Where does our universe come from and has its composition changed over time? Scientists have new ideas on these fundamental issues, thanks to an international collaboration of more than 400 scientists called the Dark Energy Survey (DES). Three scientists at the NASA Jet Propulsion Laboratory in Pasadena, California, are part of this group that fosters our understanding of the structure of the universe.
Advances in DES astrophysics is critical for the preparation of the next two space missions similar questions about the nature of the universe will examine: ESA’s Euclid mission (with significant NASA involvement) and the mission of the Great Image Infrared NASA, both expected launch in the 2020s.
“With this study, we are showcasing what’s going to be possible with these much more complex observatories,” said Andres Plazas Malagón, a postdoctoral researcher at JPL who helped characterize the DES’s Dark Energy camera detector and also participates in WFIRST detector studies.
The main models of the universe suggest that it is composed mainly of entities we can not see: dark matter and dark energy. Dark matter acts as the invisible glue that keeps galaxies and galaxy clusters together in gravity, while dark energy is considered to be responsible for the accelerated expansion of the universe. Some of our best predictions of how dark matter and dark energy in the universe come from the European Space Agency’s Planck satellite, which looks down from about 400,000 years after the Big Bang into the light.
Now the Dark Energy Survey examined the composition of the recent Universe. Surprisingly, the new results are close to Planck’s predictions of distant past measurements, allowing scientists to understand more about how the universe has evolved in 14 billion years. The results were announced in a presentation at the American Physical Society’s Particle and Field Division at the United States Department of Energy’s Fermi National Accelerator Laboratory in Batavia, Illinois.

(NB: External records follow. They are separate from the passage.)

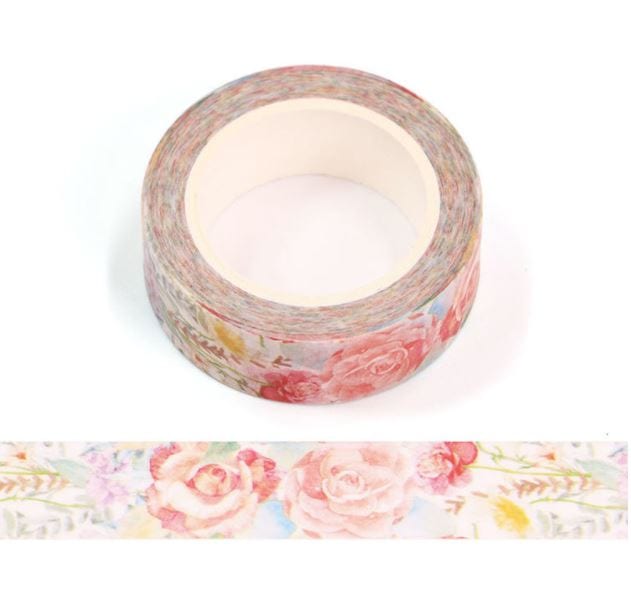 Hand-Painted Flowers Washi Tape 15mm x 10m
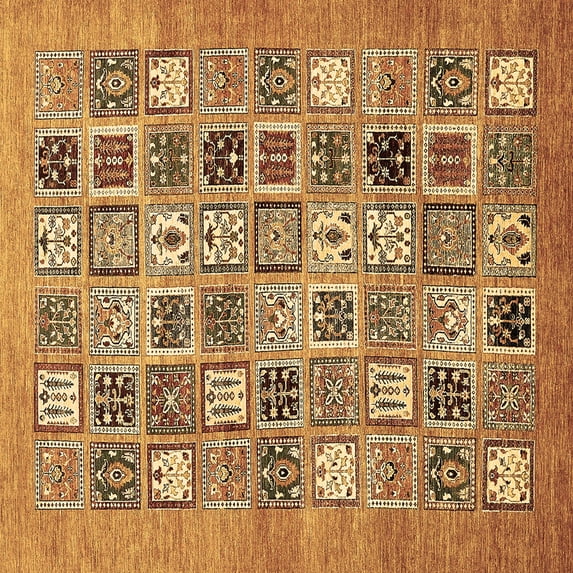 Ahgly Company Indoor Square Abstract Brown Modern Area Rugs, 8' Square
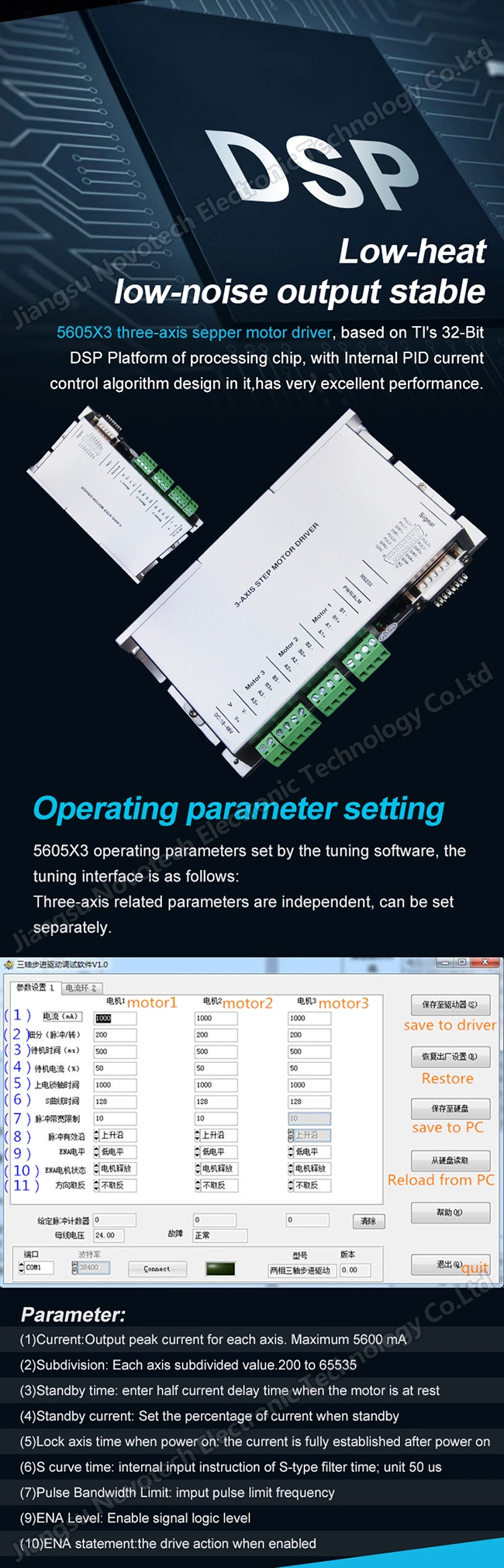 Stepper Motor Driver/Drive for Three Motors 3-Asix Step Motor Driver Independently Control Stepping Step Driver NEMA 23 Hybrid High Speed Current Convenient DC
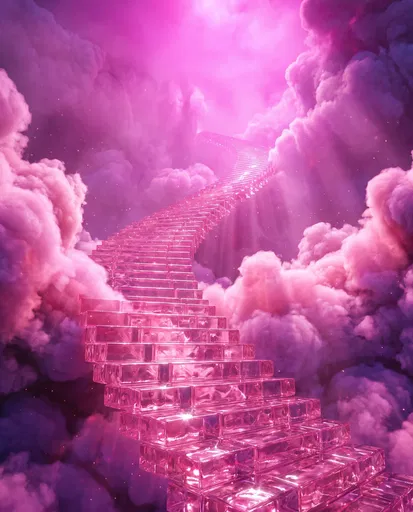 Pink Glass Staircase in Clouds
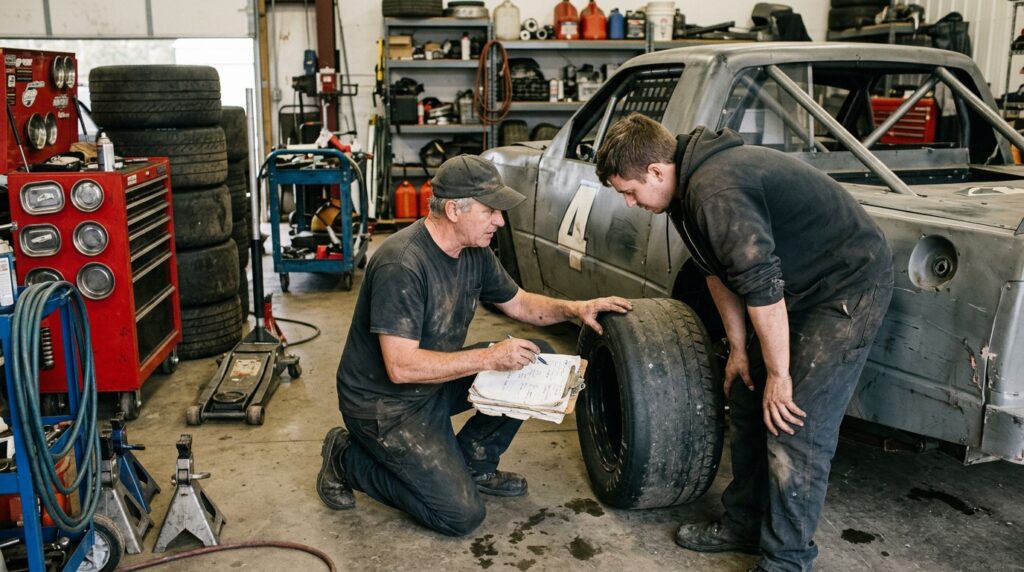 New England truck racing crew reviewing tire wear and setup information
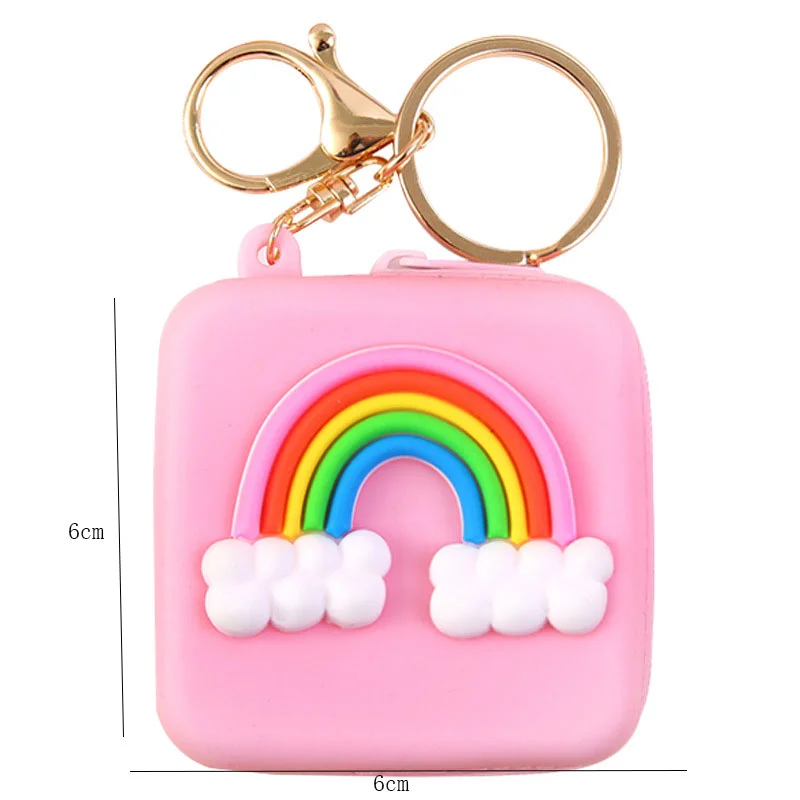 Girls Mini Headset Earphone Bag Purse Case Kid Gift Animal Cute Coin Wallet Cartoon Silicone Rubber Keychain Bags Kids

“The Planck results have been the landmark constraints in cosmology. It is truly amazing that you have a model that describes the universe at 400,000 years old, and now we have a similarly precise measurement of the universe at 13 billion years [old] that agrees with the model,” said the JPL by Tim Eifler, which the Dark Energy Survey’s analysis team led that developed the science software for interpreting the results.
Scientists found that about 70 percent of the energy in the universe is contained in dark energy. About 25 percent is composed of dark matter, which is the rest of the normal matter. All this is in accordance with the precise measurements to date. DES has so far found no evidence that the amount of dark energy has changed over time – a finding that is consistent with Albert Einstein’s idea of a ‘cosmological constant’.
The results are especially important to the scientific community, as they are the first notice that the comments of the most recent universe – the ‘mature’ universe – a technique called gravitational lensing and clustering of galaxies, are as accurate as a consequence of Cosmic background radiation – vision of the ‘child’ universe.
“This is the crossover point where gravitational lensing and galaxy clustering measurements and surveys will be the primary driver of what we know about dark energy in the universe,” said Eric Huff, a JPL researcher who developed a New method for weak lens signal extraction, which increases the accuracy of form des Galaxy catalogs.
The results come from the first year data series of the Dark Energy Survey, which uses a 570-megapixel camera in the 4-meter White telescope at the Inter-American Observatory of the National Observatory of Optical Astronomy in Chile. Data are processed at the National Center for Supercomputer Applications at the University of Illinois at Urbana-Champaign.
To measure dark matter, scientists created first maps of galaxy positions. They then carefully measured the shapes of galaxies 26 million to spend directly assigning the patterns of dark matter in millions of light years through gravitational lenses and clustering of galaxies.
The DES-team developed new ways to detect the small distortion of the galaxy image lens. In the process they created the greatest guide to discover dark matter in the ever-signed cosmos. The new dark material map is 10 times as large as the DES issued in 2015 and continues to grow.
The DES collaboration will be five times greater in the next two years in a data set.
“There is a feeling of true discovery in the collaboration. For the first time, we have the data and tools in hand to see whether Einstein’s cosmological constant prevails. We are all excited to explore the physical nature of dark energy,” Eifler said. “In particular we want to see if there are hints in the data that suggest modifying the laws of gravity on the largest scales in the universe.”